Problem
Each line of the listing must be transcribed exactly, except for the images, which should be excluded.

The data
⟨
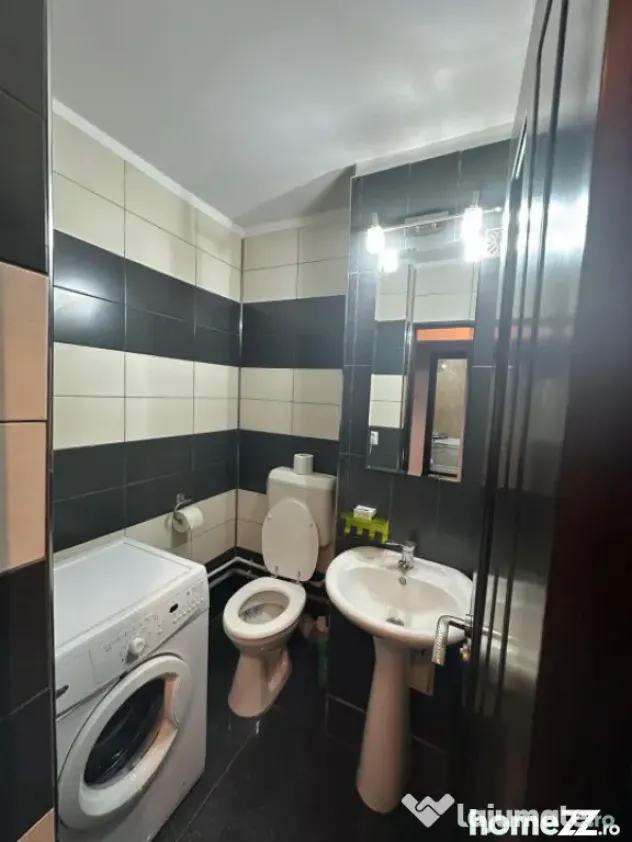 Apartament 3 camere de inchiriat, in zona Dacia - Constanta - Constanta (Constanta)
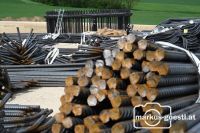 Windpark Gnadendorf-Stronsdorf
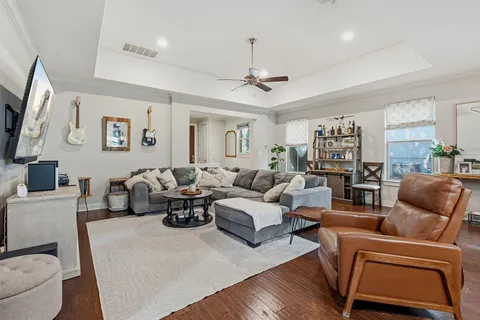 $699,990 | 15317 Falconhead Grove Loop, Austin, TX 78738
⟩
Response to this task
 Apartament 3 camere de inchiriat, in zona Dacia - Constanta - Constanta (Constanta)
 Windpark Gnadendorf-Stronsdorf
 $699,990 | 15317 Falconhead Grove Loop, Austin, TX 78738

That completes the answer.